BRIEF: Write out the entries below exactly, but only from the line containing "NEW Jeffrey Campbell" through the line containing "Armen Living Lorin", and without the pictures.

DATA:

————————

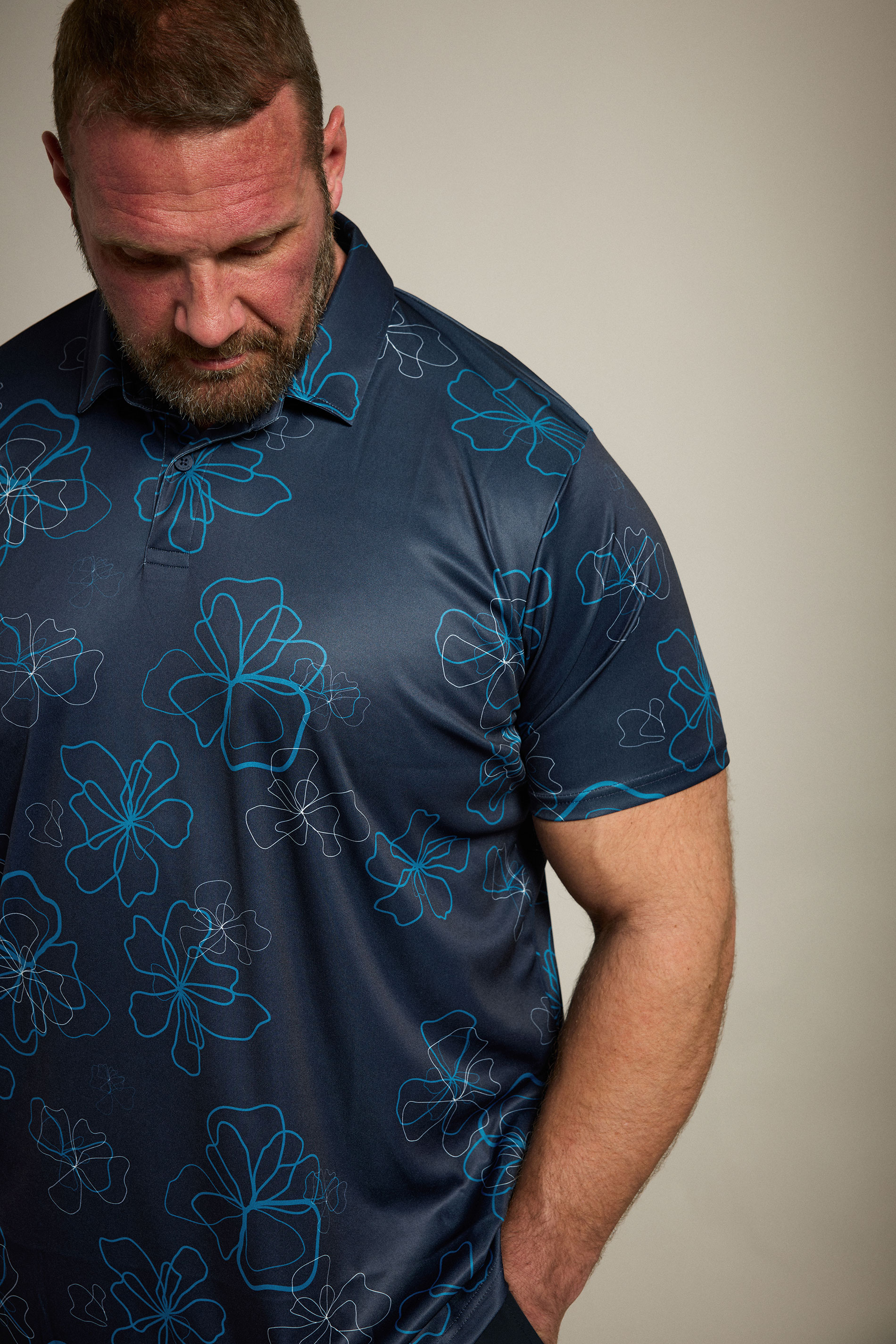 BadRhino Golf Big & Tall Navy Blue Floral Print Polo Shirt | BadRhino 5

————————

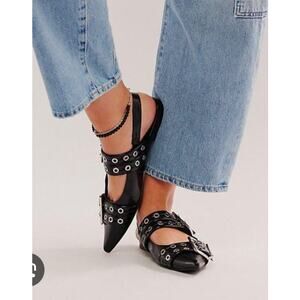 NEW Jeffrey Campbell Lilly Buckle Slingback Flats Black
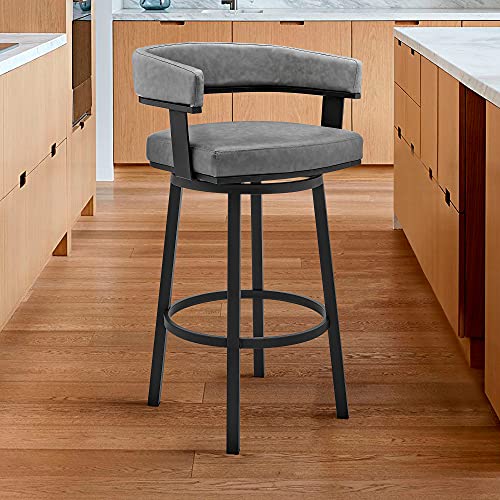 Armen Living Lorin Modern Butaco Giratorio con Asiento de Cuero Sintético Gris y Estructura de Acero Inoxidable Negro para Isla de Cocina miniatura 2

————————

RESPONSE BOX:
 NEW Jeffrey Campbell Lilly Buckle Slingback Flats Black
 Armen Living Lorin Modern Butaco Giratorio con Asiento de Cuero Sintético Gris y Estructura de Acero Inoxidable Negro para Isla de Cocina miniatura 2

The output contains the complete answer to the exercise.